Hold yourself to 100% target language as a teacher, though, and it can bring out something finer.  The experts say that students who are learning a language from scratch need plenty of pictures, role-plays, models.  It makes for hard work.  Once I adopted 100% language immersion, I had to keep Occam's Razor on hand at all times: what was the simplest explanation or activity available?  What metaphor could I use to display it?  Google Images was also my best friend.  And Total Physical Response, which I found to be an incredibly effective teaching technique.  Lengthy instructions?  Better to simplify the task, and model how to do (perhaps using my favorite: Doug Lemov's I/we/you sequence of modeling).  Detailed explanations of grammar?  Better to structure activities where students listen and observe how language is used in specific settings--perhaps responding physically.  I had to bring my teaching to a higher level in order to bring the lessons to students at the right language level.

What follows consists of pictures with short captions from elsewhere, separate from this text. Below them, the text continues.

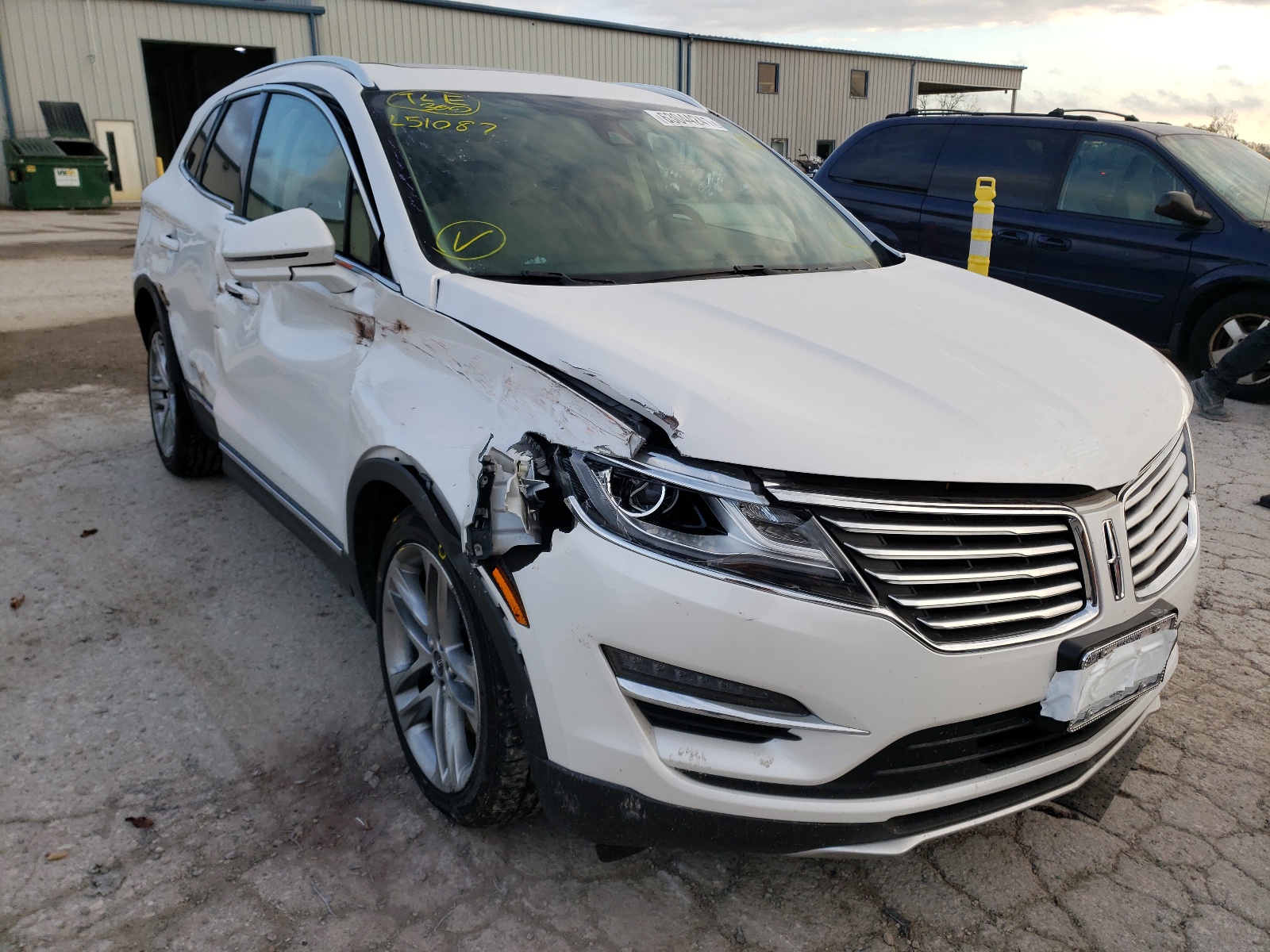 Photo 1 from auction – 2017 LINCOLN MKC RESERV with VIN 5LMTJ3DH3HUL51087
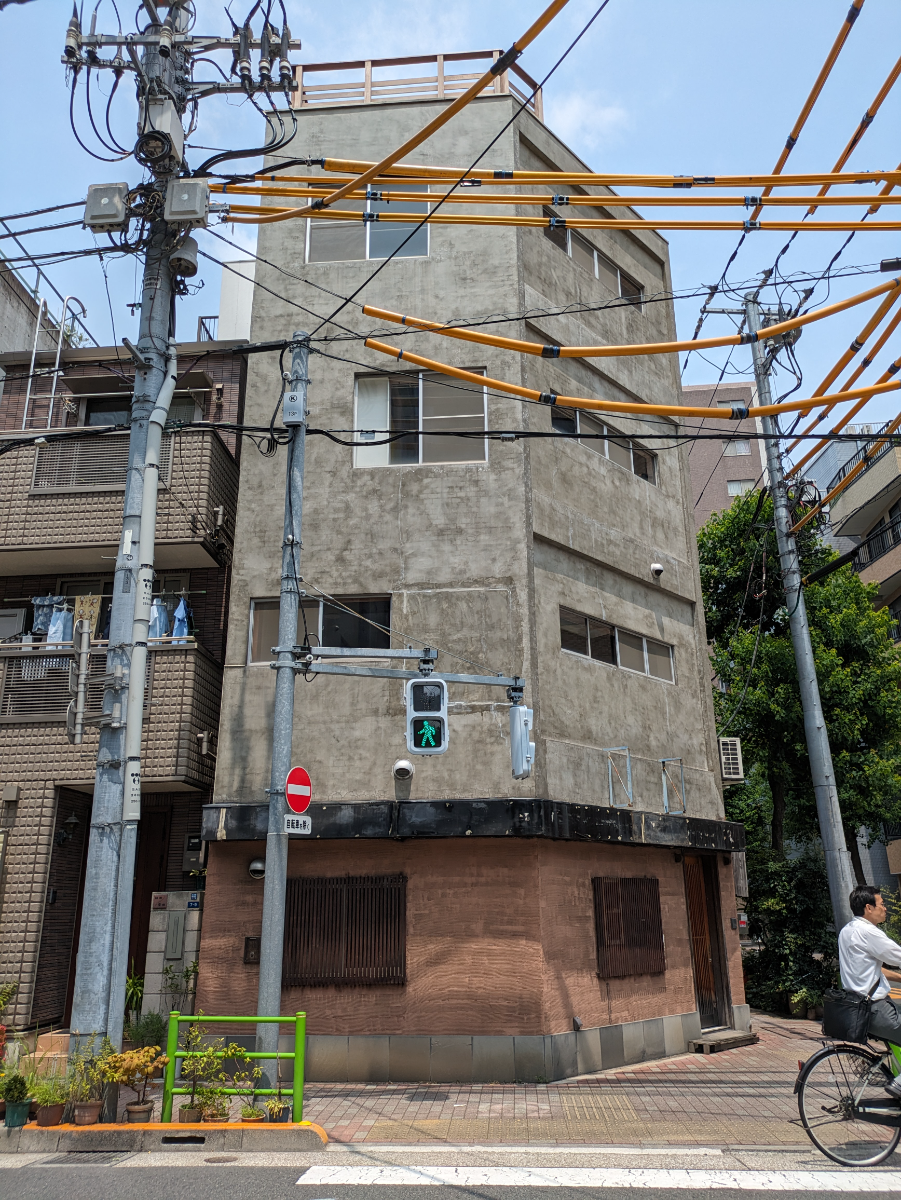 v20251001150706/fresh/building/J00100608189_5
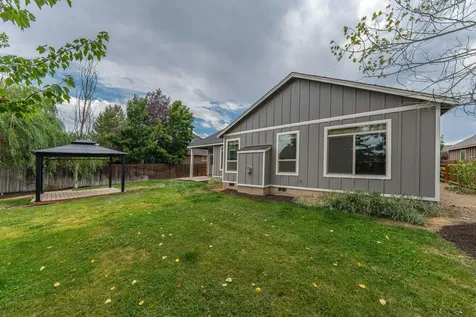 2095 NW Quince Place Redmond OR 97756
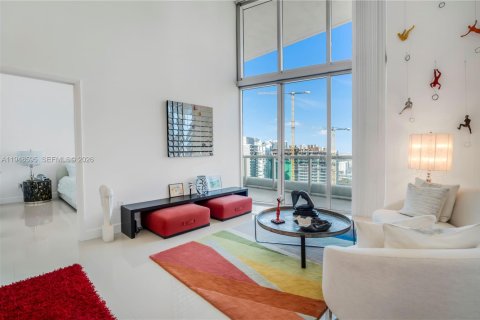 Condo in Miami, Florida, 1 bedroom № 2152987 - photo 6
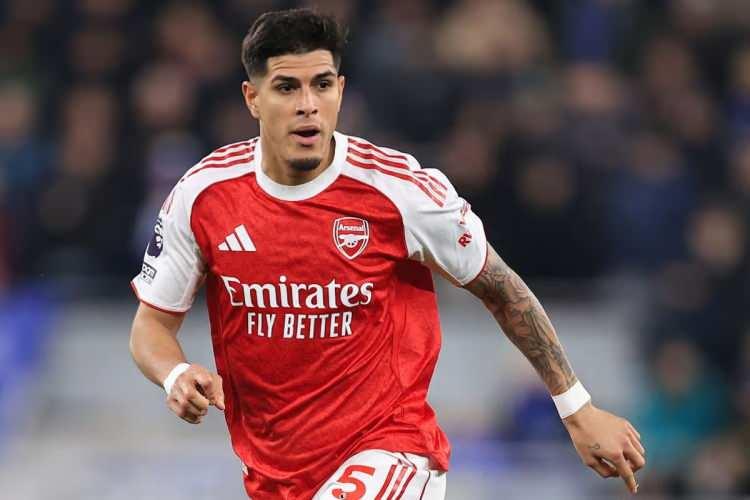 <p>Galatasaray, Arsenal'in Ekvadorlu savunmacı Piero Hincapie'yi kadrosuna katmak istiyor. Cim-Bom oyuncu i&ccedil;in resmi girişimlerde bulunurken, gelen bilgilere g&ouml;re İngiliz ekibi de şampiyonluğun ardından Ekvadorlu stoper i&ccedil;in yapılacak teklifleri değerlendirmeye a&ccedil;ık.</p>

<p>(AKŞAM)</p>

<p>&nbsp;</p>
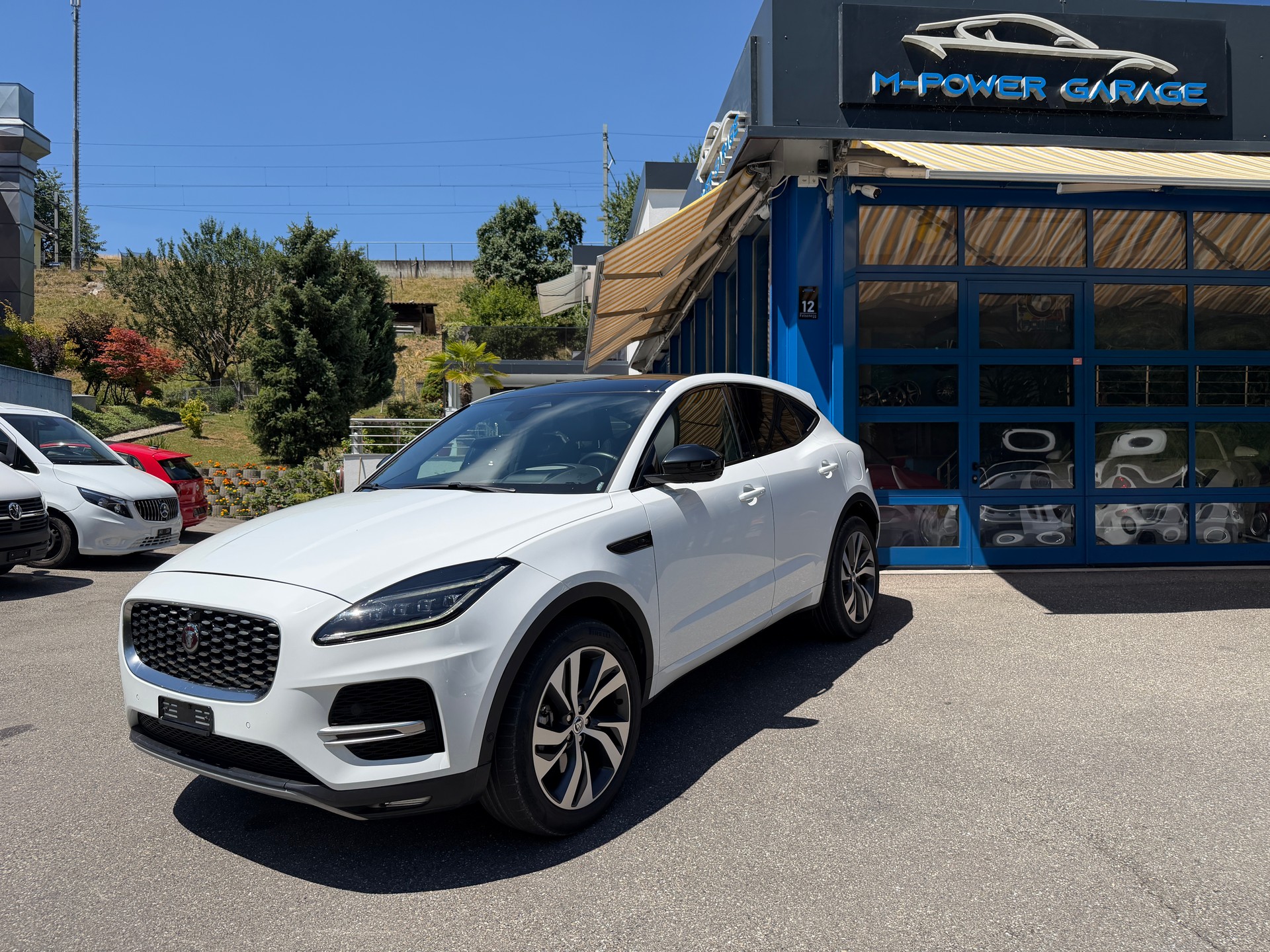 JAGUAR E-Pace 1.5 P300e R-Dynamic AWD HSE-image-0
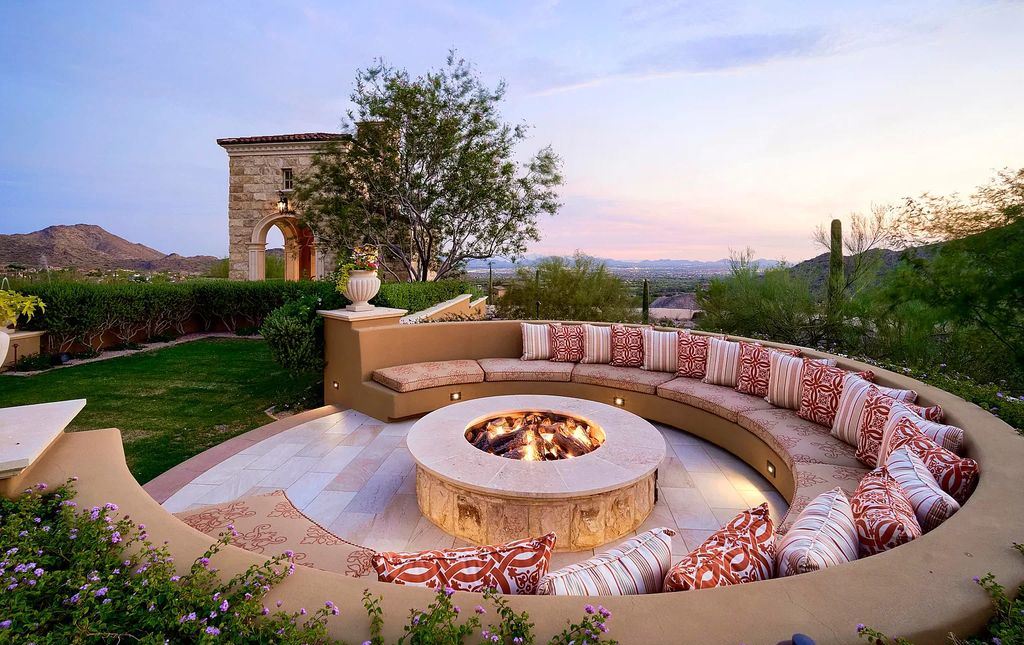 The Home in Scottsdale, a noteworthy property offers unprecedented balance between priceless sweeping views of the valley below and unparalleled lot location at 2,000 feet is now available for sale. This home located at 21376 N 110th Pl, Scottsdale, Arizona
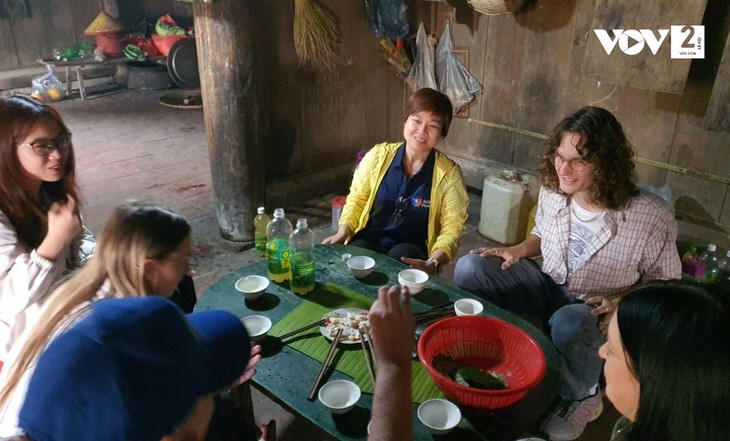 Saudari Dinh Thi Hao dan Perjalanan Membawa Dusun Miskin Menjadi Destinasi Wisata - ảnh 1
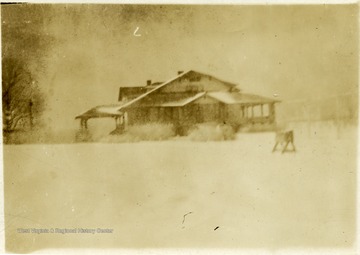 Building at the West Moreland Country Club.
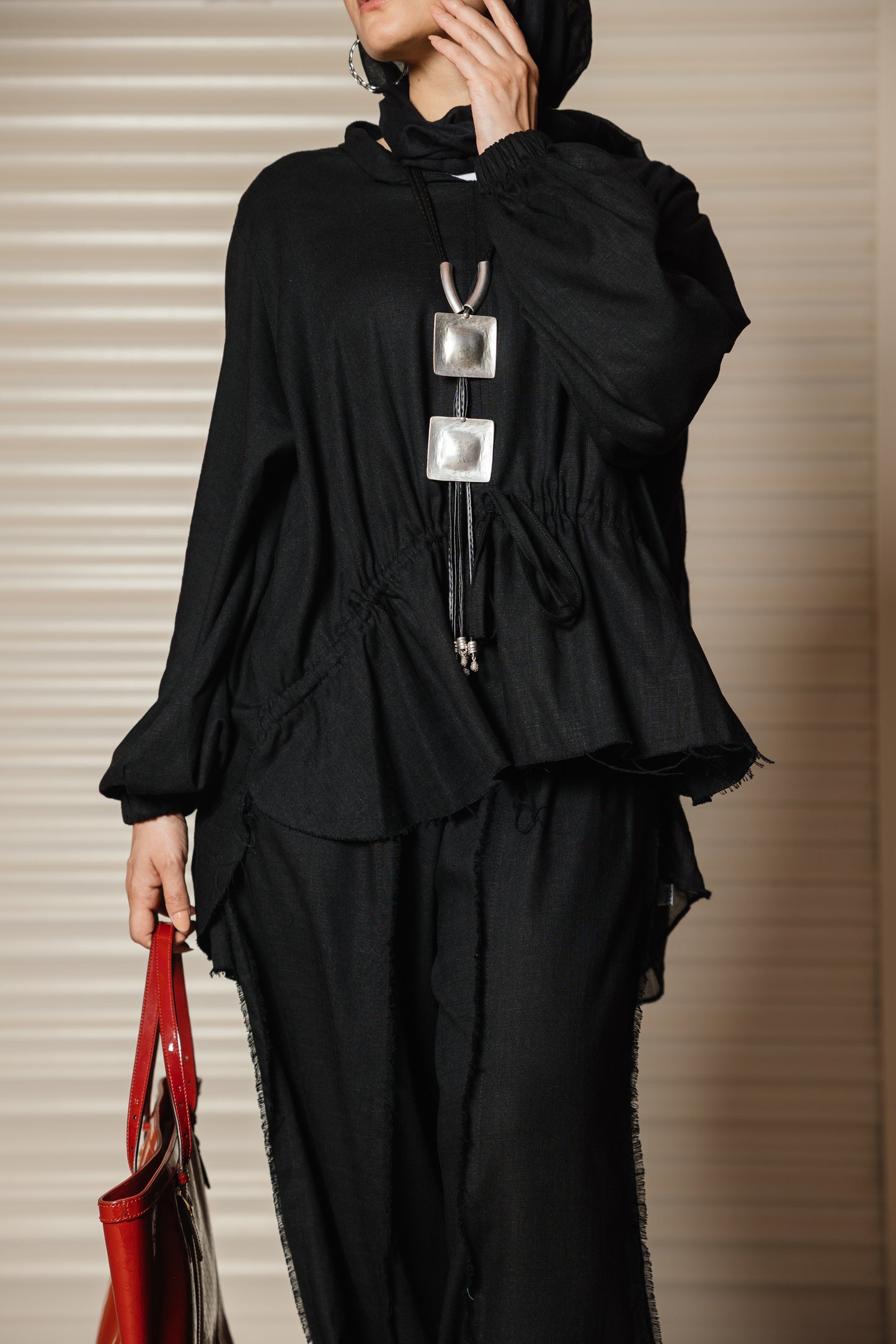 Linen Stitches Set in Black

This isn't to understate the great things that can come from more complex work.  While the beginning levels of language learning demand a language-rich, yet straightforward atmosphere, I also had positive experiences integrating substantial role-plays into class.  Students might act out being a nurse and a patient at a health clinic.  But to get to such complex work, students first need a foundation of grammar and vocab first, a model of what to do (YouTube being another of my best friends), and support as they do it.

Can there be a place for "safety valves" of native-language use?  Of course.  One semester, students asked to post chart paper on the wall, and write English words they needed translated on it.  Later, the translation could be done.  Teachers who speak a student's native language can always clarify something during class, after break.  Volunteer tutors can sit side-by-side students and intervene when something is just really confusing.  But I'd tend to see these as special exceptions.

At the end of the day, I'm for 100% immersion--slightly.  Done right, it brings out more in students, and brings out more in teachers.

*N.B. As I pointed out last time around, I'm making a point about language use in a second-language program--I'm not making a point about the merits of bilingual education as a whole.  That's a topic for another day.